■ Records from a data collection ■
_ _ _
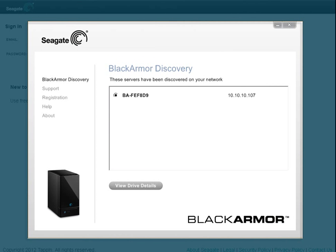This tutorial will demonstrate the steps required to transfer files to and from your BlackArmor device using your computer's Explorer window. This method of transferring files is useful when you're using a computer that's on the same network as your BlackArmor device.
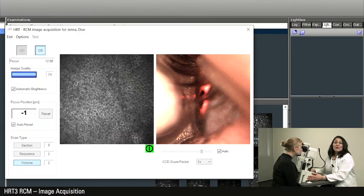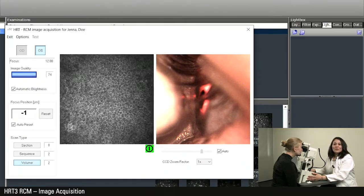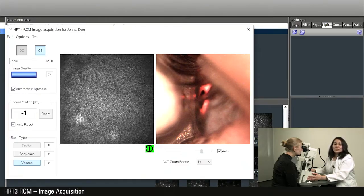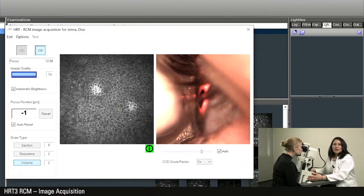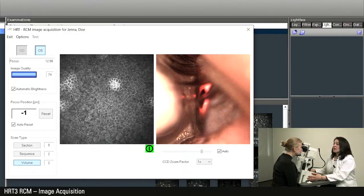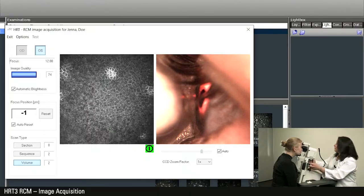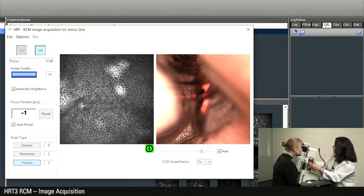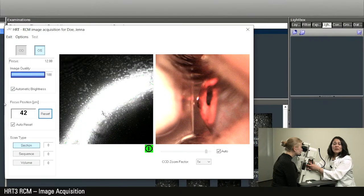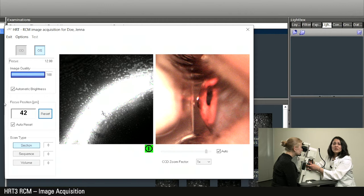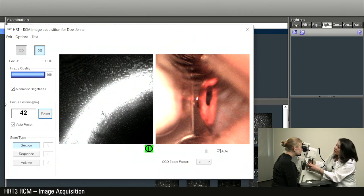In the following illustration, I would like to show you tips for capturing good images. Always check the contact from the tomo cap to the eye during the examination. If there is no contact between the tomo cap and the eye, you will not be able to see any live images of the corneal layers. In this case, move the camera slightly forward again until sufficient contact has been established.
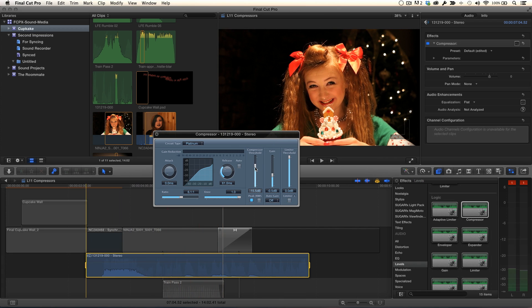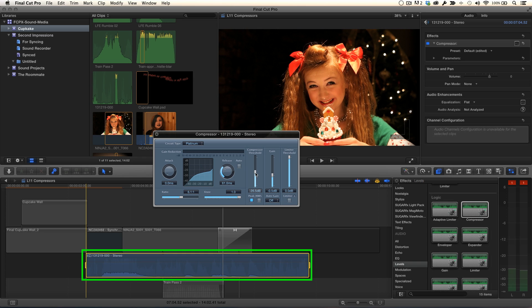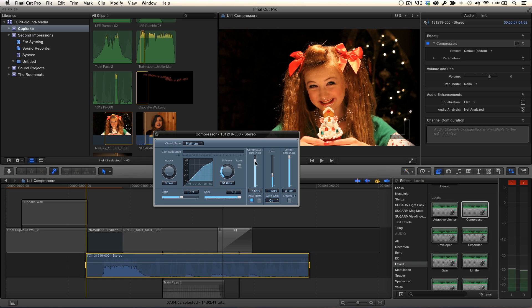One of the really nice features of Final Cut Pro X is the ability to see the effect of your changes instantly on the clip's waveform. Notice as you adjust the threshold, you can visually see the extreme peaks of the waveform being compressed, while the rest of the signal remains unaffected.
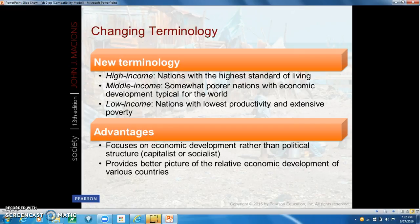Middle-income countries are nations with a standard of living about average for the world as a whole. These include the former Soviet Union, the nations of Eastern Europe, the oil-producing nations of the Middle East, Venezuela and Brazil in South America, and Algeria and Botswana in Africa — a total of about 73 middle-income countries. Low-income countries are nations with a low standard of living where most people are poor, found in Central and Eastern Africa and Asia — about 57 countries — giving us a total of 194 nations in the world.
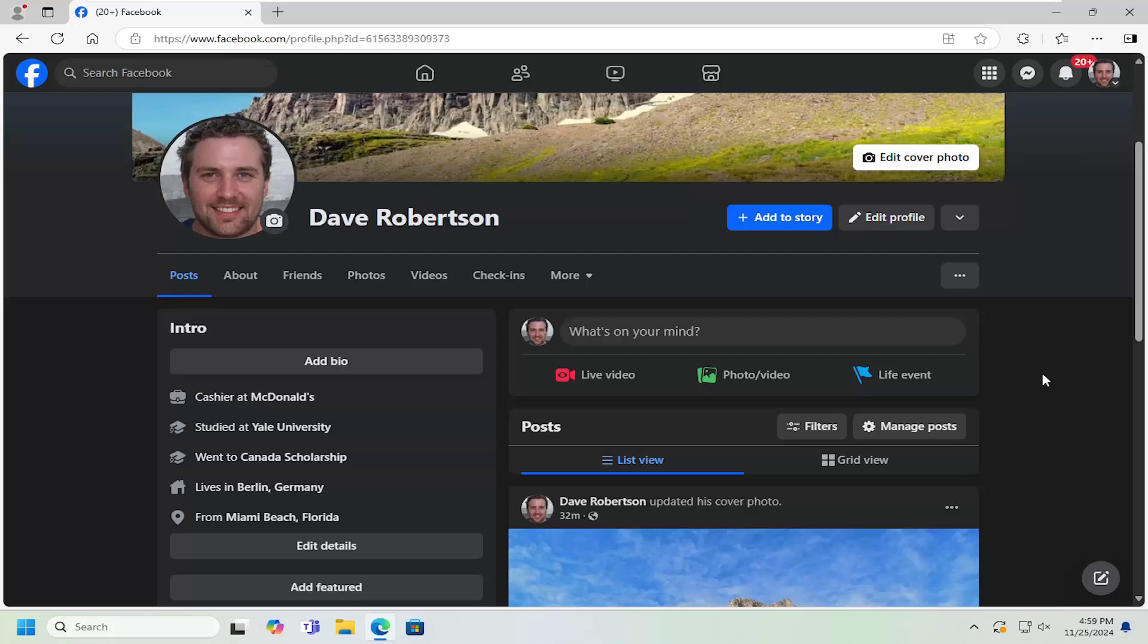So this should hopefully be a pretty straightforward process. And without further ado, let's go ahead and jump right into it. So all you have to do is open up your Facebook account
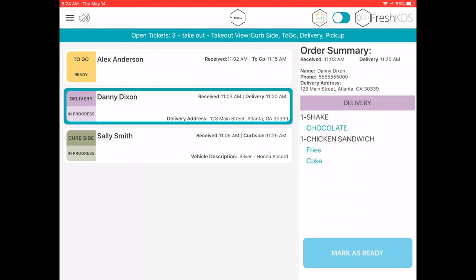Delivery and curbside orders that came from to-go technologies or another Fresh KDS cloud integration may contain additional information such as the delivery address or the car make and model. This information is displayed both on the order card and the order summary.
_ _ _
■ Assignment ■
Transcribe exactly each line of the records from the start up to and including the one with "One of the really", and leave out every picture.

■ Written answer ■
This tutorial will demonstrate the steps required to transfer files to and from your BlackArmor device using your computer's Explorer window. This method of transferring files is useful when you're using a computer that's on the same network as your BlackArmor device.
In the following illustration, I would like to show you tips for capturing good images. Always check the contact from the tomo cap to the eye during the examination. If there is no contact between the tomo cap and the eye, you will not be able to see any live images of the corneal layers. In this case, move the camera slightly forward again until sufficient contact has been established.
One of the really nice features of Final Cut Pro X is the ability to see the effect of your changes instantly on the clip's waveform. Notice as you adjust the threshold, you can visually see the extreme peaks of the waveform being compressed, while the rest of the signal remains unaffected.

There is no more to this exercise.